3) Façam o Pix da Positividade, contribuindo para a Igreja Positivista Virtual. A nossa chave pix é esta: ApostoladoPositivista@gmail.com.

4) No dia 11 de maio celebrou-se o aniversário da fundação da Igreja Positivista do Brasil, ocorrido em 1881.

5) No dia 12 de maio celebrou-se o Dia das Mães: embora seja uma data comercialista, bem ou mal ela celebra uma importante função social, uma fonte e um símbolo eterno de amor, carinho e dedicação. Embora a anarquia moderna, na forma da metafísica feminista, despreze o ideal da maternidade, a moral positiva estabelece como símbolo da Humanidade uma mulher que é também mãe.

6) No dia 13 de maio celebrou-se a abolição da escravidão no Brasil, ocorrida em 1888. Essa data celebra o fim do desprezível cativeiro dos brasileiros originários da África e, com isso, também celebra a união dos três principais grupos que constituem o Brasil (os portugueses, os índios e os africanos). A Igreja Positivista do Brasil também estabeleceu essa data para celebrar a memória do líder republicano, proclamador da independência do Haiti, o ex-escravo Toussaint Louverture.

A prédica foi transmitida nos canais Positivismo (aqui: https://encr.pw/X3Pnb) e Igreja Positivista Virtual (aqui: https://acesse.one/5YrQa). O sermão começou aos 45 min 40 s.

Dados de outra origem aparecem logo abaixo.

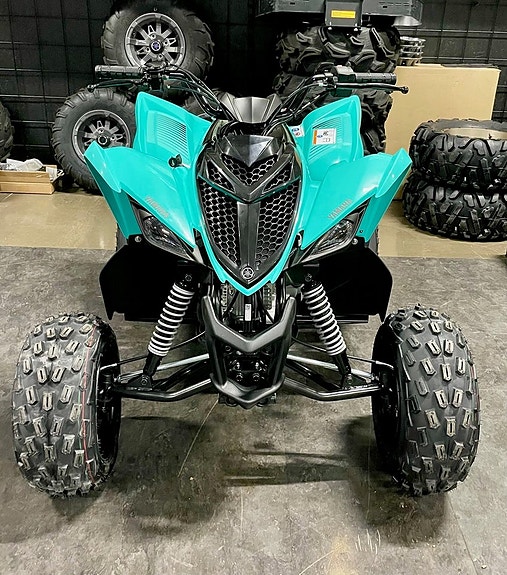 Yamaha YFM 110 R ATV  I BUTIK NU BARN ATV atv 4 of 5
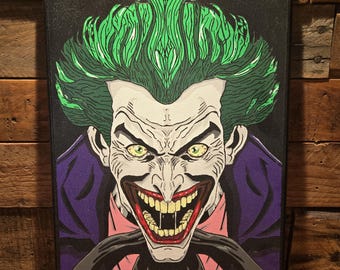 Joker's Wild.Batman, DCcomics, comic book art , comic art, the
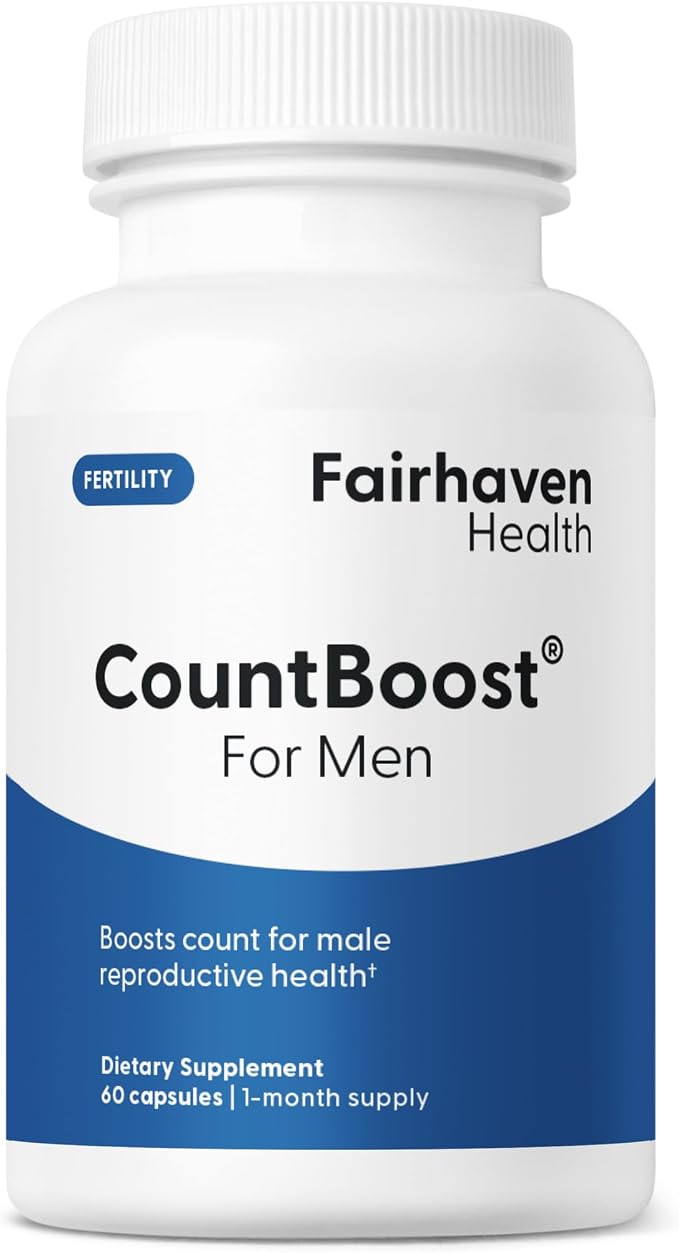 Count Boost Capsules by Fairhaven Health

As anotações que serviram de base para a exposição oral do sermão encontram-se reproduzidas abaixo.

*   *   *


Sobre a liberdade absoluta de consciência 

-        Há um tema importante ao Positivismo que, por vezes, como infelizmente acontece também com outros temas, há incompreensões e interpretações equivocadas: a “liberdade ilimitada de consciência” é um deles

o   Augusto Comte tratou desse tema desde o início de sua carreira – por exemplo, no “Sumária apreciação do conjunto do passado moderno” (de 1820) e no “Considerações sobre o poder espiritual” (de 1826) há referências diretas e explícitas a ele

o    Augusto Comte usava a expressão “liberdade ilimitada de consciência”; mas como essa expressão pode gerar confusão, eu prefiro usar às vezes “liberdade absoluta de consciência” – pois, além de evitar confusões desnecessárias, essa fórmula descreve mais acuradamente o problema

§  Em todo caso, a leitura direta das observações de Augusto Comte basta para esclarecer a expressão e evitar qualquer confusão a respeito

-        O tema da “liberdade absoluta de consciência” envolve aspectos morais, intelectuais, políticos e históricos de maneira muito direta; ele tem conseqüências (ou reflexões) muito importantes no Positivismo

o   Neste sermão, adotaremos inicialmente uma exposição histórica para, a partir dela, tratarmos filosoficamente do tema

-        A primeira observação que temos que fazer é a seguinte: todo ser humano tem capacidade de reflexão autônoma e procura entender o mundo ao seu redor; isso é um esforço que se faz para cada um localizar-se no mundo, entender como é que as coisas funcionam e, a partir disso, agir

o   Assim, cada um de nós e todos temos liberdade de pensamento, que também podemos chamar de “autonomia” (alguns sociólogos contemporâneos chamam-na de “agência”)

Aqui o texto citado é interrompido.